Aim of the task
An exact transcription of the records is required, minus any images.

-------

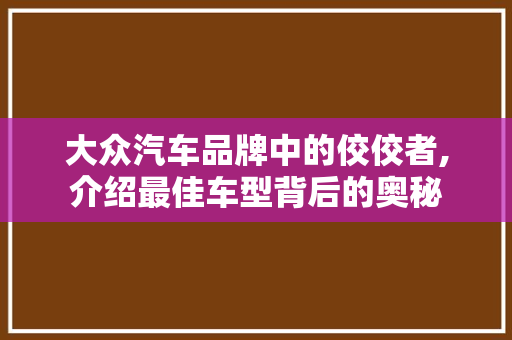 大众汽车品牌中的佼佼者,介绍最佳车型背后的奥秘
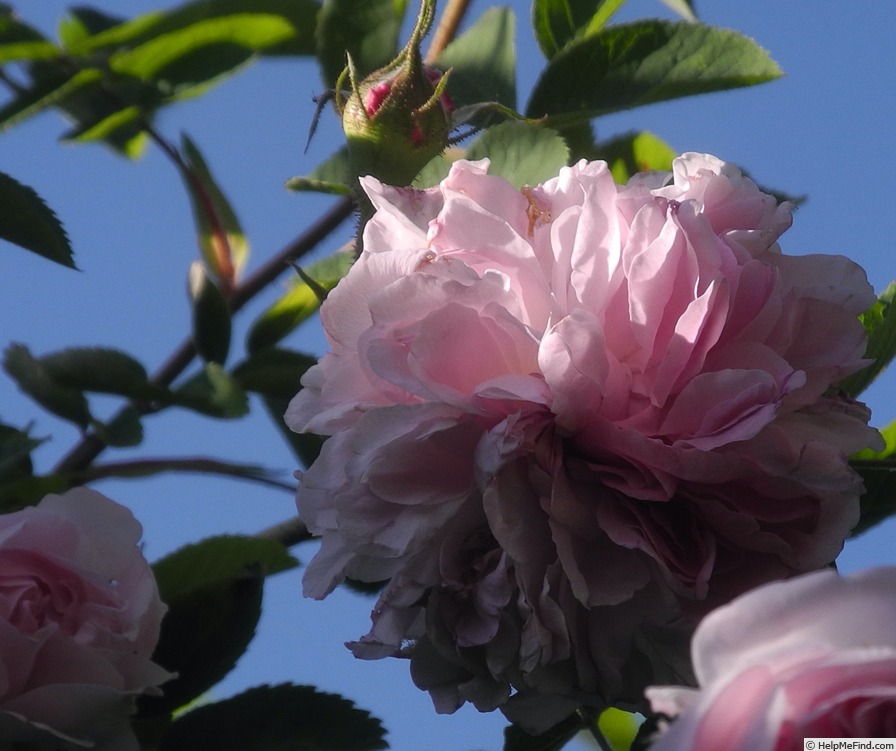 'Blush Hip' rose, click to enlarge 'Blush Hip' rose photo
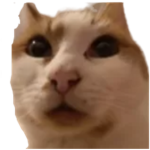 Awsam Peples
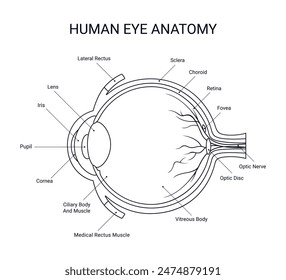 Structure of human eye anatomy for medical in line style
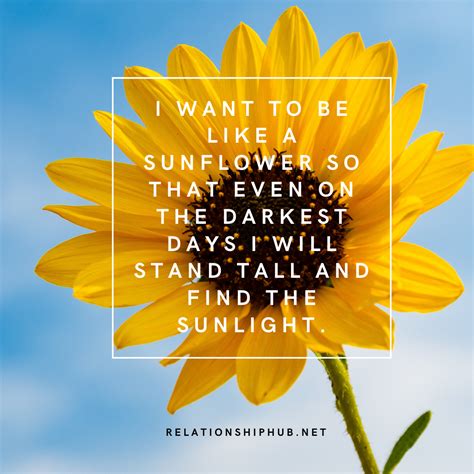 What are 3 quotes about sunflowers?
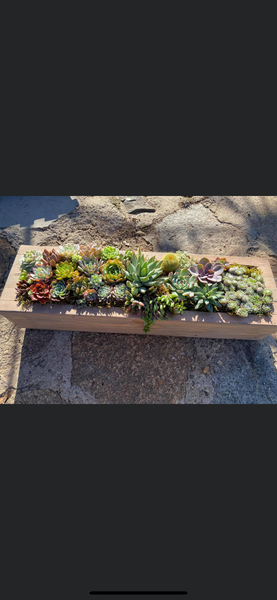 5x5x20 in succulent arrangement planter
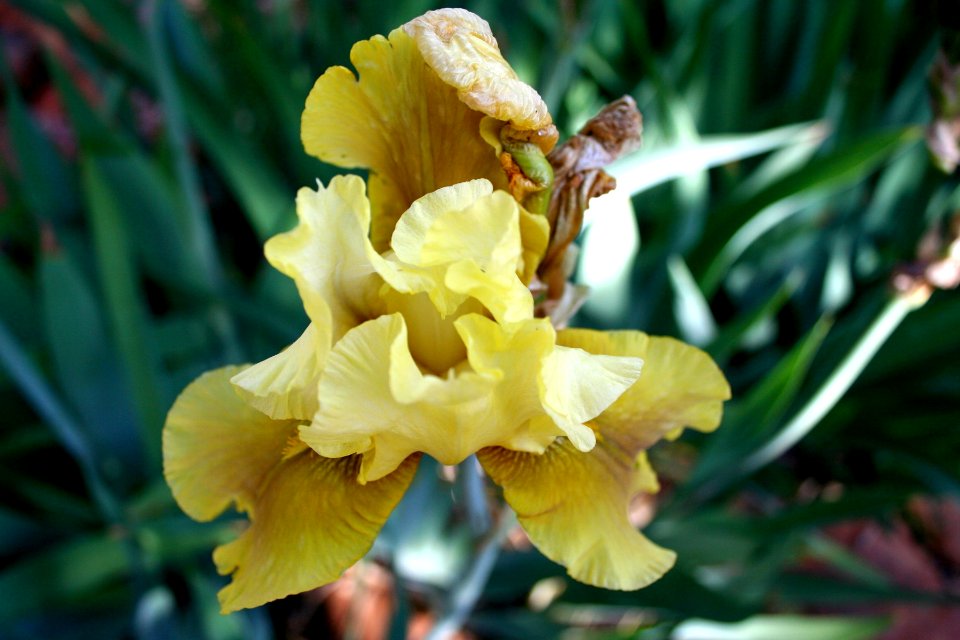 Yellow Iris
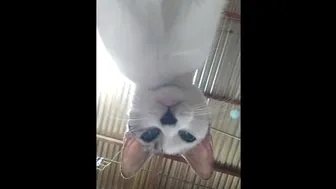 With Her Cute Little Cat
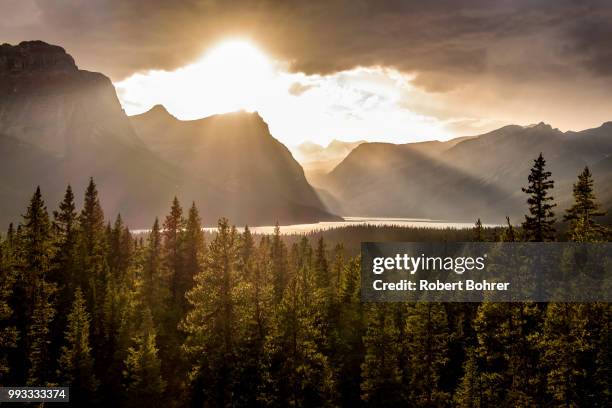 crepuscular rays over hector lake in banff np - bohrer stockfoto's en -beelden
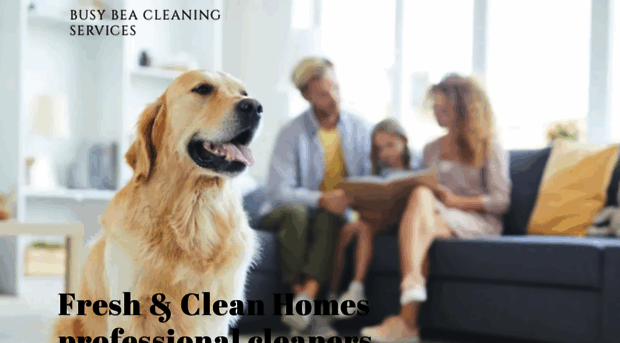 busybeacleaning.com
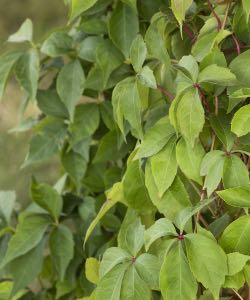 Virginia Creeper virginia creeper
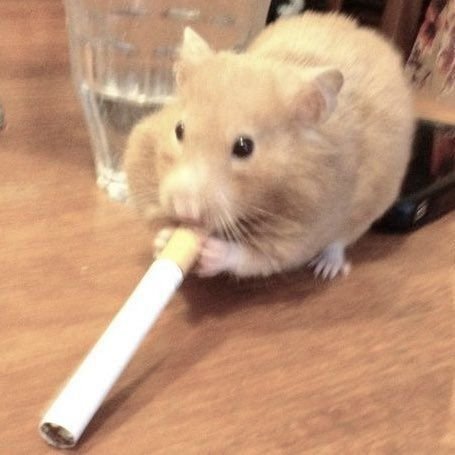 Cool Hamster PFP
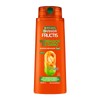 Garnier Fructis Shampoo 2 e n1 Borrador de Dano Largo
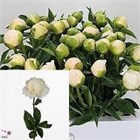 Пион-Paeonia-Princess Bride-60cm 475b15fa-4f75-11f1-0a80-0be8002415d7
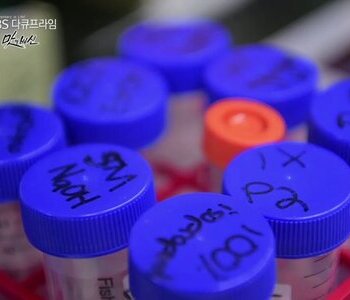 지구환경 특강- 토종, 오래된 미래가 될 수 있을까?(4/29)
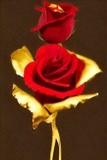 by Mihaela B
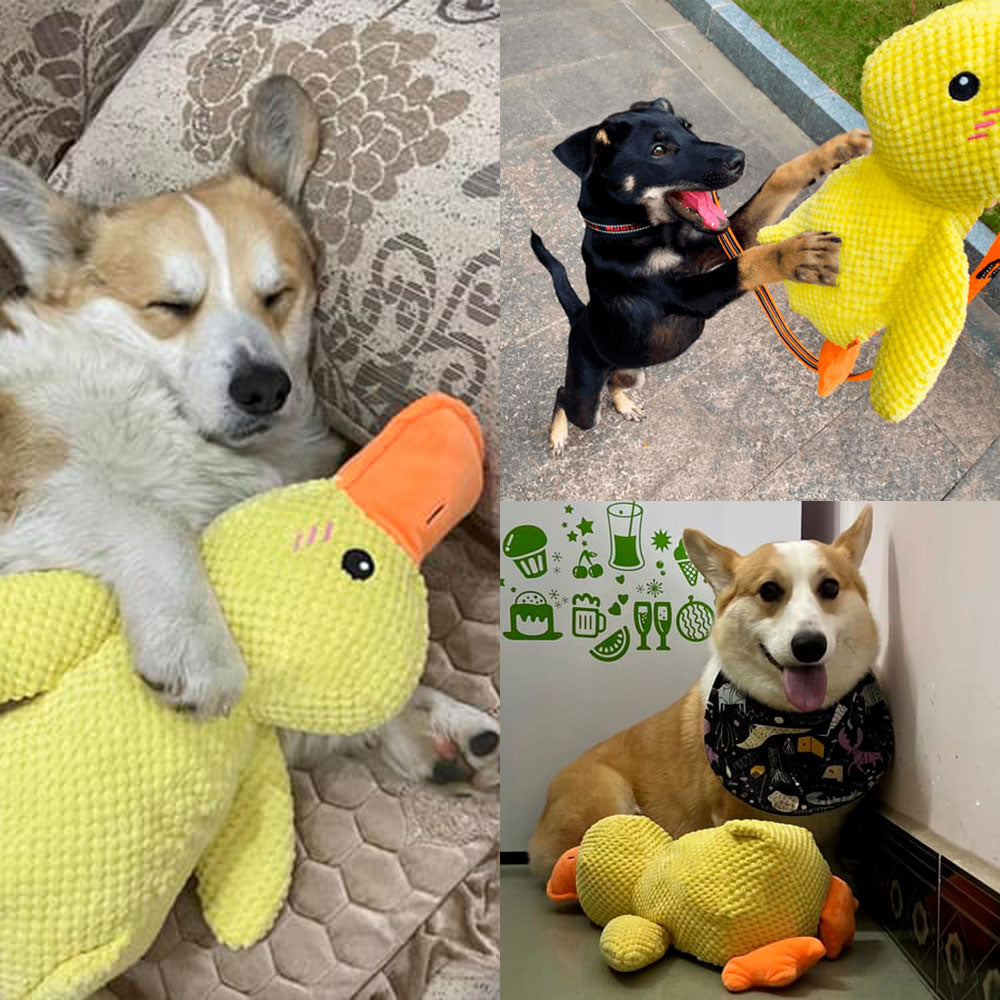 🦆Best Pet Supplies Crinkle Duck Plush🦁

-------

The answer
 大众汽车品牌中的佼佼者,介绍最佳车型背后的奥秘
 'Blush Hip' rose, click to enlarge 'Blush Hip' rose photo
 Awsam Peples
 Structure of human eye anatomy for medical in line style
 What are 3 quotes about sunflowers?
 5x5x20 in succulent arrangement planter
 Yellow Iris
 With Her Cute Little Cat
 crepuscular rays over hector lake in banff np - bohrer stockfoto's en -beelden
 busybeacleaning.com
 Virginia Creeper virginia creeper
 Cool Hamster PFP
 Garnier Fructis Shampoo 2 e n1 Borrador de Dano Largo
 Пион-Paeonia-Princess Bride-60cm 475b15fa-4f75-11f1-0a80-0be8002415d7
 지구환경 특강- 토종, 오래된 미래가 될 수 있을까?(4/29)
 by Mihaela B
 🦆Best Pet Supplies Crinkle Duck Plush🦁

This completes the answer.